[[ Data for the task, beginning ]]
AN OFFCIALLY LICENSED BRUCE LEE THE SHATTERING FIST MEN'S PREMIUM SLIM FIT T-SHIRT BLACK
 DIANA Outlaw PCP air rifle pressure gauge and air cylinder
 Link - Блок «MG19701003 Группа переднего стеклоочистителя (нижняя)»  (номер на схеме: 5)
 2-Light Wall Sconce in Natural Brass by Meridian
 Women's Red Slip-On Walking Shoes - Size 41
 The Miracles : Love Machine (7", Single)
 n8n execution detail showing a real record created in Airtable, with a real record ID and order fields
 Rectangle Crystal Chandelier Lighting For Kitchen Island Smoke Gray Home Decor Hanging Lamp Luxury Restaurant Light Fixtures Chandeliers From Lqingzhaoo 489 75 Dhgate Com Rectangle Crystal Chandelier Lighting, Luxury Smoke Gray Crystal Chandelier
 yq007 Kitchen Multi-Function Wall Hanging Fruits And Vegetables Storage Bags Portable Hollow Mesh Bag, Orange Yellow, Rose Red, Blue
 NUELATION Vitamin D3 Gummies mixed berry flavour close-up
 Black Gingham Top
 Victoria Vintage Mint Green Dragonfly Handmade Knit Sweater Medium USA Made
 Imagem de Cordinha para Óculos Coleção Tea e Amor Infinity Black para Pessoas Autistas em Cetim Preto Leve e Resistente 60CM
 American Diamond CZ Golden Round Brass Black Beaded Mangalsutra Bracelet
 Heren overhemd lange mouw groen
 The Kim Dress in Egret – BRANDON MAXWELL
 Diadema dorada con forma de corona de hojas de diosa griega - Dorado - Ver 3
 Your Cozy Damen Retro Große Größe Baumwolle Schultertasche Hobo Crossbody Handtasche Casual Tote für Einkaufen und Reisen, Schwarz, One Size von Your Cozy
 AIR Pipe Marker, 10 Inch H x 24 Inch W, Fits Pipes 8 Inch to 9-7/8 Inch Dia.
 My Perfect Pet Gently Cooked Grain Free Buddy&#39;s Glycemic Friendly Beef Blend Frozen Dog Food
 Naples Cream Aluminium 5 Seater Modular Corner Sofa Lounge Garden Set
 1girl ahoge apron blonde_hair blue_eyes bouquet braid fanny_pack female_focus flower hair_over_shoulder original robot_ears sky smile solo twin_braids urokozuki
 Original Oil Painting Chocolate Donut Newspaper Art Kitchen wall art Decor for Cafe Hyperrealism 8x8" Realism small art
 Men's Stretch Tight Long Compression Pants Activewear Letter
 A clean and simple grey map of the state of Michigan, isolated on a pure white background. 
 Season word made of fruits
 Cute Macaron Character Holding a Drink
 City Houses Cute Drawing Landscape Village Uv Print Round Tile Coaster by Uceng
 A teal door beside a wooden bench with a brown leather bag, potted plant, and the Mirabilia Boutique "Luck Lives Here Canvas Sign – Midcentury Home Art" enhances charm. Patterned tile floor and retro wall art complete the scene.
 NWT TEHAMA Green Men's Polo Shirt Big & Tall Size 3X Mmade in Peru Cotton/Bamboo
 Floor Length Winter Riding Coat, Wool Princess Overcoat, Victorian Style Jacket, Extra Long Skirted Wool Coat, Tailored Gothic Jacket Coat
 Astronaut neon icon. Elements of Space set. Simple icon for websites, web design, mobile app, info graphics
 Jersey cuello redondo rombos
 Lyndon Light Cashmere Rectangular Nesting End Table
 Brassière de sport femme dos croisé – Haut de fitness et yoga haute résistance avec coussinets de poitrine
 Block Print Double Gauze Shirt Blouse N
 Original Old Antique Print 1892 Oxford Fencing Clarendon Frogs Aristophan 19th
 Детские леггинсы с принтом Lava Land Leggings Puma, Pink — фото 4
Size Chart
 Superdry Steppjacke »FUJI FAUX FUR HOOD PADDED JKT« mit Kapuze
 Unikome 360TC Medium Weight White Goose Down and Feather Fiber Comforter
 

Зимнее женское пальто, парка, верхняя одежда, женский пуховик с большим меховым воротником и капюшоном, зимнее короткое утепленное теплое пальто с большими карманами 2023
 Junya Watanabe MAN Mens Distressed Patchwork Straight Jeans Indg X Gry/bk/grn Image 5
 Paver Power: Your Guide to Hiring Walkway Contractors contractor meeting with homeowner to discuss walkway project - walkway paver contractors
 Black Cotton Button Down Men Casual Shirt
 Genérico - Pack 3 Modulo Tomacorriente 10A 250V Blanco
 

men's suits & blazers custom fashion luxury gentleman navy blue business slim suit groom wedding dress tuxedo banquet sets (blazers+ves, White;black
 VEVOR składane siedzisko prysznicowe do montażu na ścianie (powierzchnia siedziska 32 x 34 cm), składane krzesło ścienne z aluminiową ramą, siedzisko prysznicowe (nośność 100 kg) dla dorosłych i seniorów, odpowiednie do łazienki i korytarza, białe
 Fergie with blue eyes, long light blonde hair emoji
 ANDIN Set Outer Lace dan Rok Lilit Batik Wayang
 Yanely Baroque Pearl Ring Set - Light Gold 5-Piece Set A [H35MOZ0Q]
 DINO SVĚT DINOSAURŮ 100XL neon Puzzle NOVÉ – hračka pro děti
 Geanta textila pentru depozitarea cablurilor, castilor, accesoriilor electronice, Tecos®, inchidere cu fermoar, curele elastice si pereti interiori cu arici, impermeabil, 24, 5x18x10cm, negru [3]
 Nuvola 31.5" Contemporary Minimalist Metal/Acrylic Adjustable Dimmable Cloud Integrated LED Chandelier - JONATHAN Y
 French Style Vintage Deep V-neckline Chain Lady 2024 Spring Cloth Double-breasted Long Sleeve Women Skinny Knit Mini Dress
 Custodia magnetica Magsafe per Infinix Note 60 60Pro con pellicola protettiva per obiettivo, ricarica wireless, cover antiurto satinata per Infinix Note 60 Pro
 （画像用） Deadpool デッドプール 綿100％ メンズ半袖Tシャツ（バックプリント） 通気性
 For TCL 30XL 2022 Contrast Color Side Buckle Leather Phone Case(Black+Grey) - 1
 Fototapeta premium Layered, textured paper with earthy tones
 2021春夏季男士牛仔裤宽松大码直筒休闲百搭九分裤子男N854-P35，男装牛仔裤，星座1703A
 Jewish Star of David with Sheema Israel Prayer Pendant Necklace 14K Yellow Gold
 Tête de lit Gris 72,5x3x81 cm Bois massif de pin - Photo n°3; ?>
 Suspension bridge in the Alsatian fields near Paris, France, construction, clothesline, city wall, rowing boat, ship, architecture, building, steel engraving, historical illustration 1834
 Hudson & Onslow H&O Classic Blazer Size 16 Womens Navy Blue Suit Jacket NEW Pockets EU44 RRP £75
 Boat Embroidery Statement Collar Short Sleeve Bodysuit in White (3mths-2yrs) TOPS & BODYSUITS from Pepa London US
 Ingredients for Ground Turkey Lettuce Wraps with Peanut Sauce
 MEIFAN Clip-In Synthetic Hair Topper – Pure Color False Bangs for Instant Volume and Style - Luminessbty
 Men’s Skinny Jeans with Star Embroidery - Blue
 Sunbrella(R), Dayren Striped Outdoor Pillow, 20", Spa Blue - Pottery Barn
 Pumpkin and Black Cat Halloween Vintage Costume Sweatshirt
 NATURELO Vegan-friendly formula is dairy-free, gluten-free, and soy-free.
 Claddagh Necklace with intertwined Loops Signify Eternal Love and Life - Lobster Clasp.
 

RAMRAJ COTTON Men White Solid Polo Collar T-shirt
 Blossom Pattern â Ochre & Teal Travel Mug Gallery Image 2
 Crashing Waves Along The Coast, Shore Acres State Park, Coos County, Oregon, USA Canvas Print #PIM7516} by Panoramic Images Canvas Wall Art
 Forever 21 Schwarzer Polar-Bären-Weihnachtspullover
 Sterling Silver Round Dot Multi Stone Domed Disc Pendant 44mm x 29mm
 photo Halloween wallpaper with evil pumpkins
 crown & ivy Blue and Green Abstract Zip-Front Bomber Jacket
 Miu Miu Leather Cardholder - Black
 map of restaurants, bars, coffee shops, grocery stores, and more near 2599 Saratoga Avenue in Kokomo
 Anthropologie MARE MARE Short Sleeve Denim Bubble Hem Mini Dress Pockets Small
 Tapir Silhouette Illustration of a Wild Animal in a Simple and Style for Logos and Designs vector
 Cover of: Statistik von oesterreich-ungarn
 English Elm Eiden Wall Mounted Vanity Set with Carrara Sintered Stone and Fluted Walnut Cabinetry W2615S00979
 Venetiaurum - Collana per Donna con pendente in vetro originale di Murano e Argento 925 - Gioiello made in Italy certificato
[[ Data for the task, end ]]
**Exercise:** Using the entries above, give again exactly the lines from the line holding "Jewish Star of" through the line holding "Tête de lit". Include both end lines and nothing else.

**Expected answer:**
 Jewish Star of David with Sheema Israel Prayer Pendant Necklace 14K Yellow Gold
 Tête de lit Gris 72,5x3x81 cm Bois massif de pin - Photo n°3; ?>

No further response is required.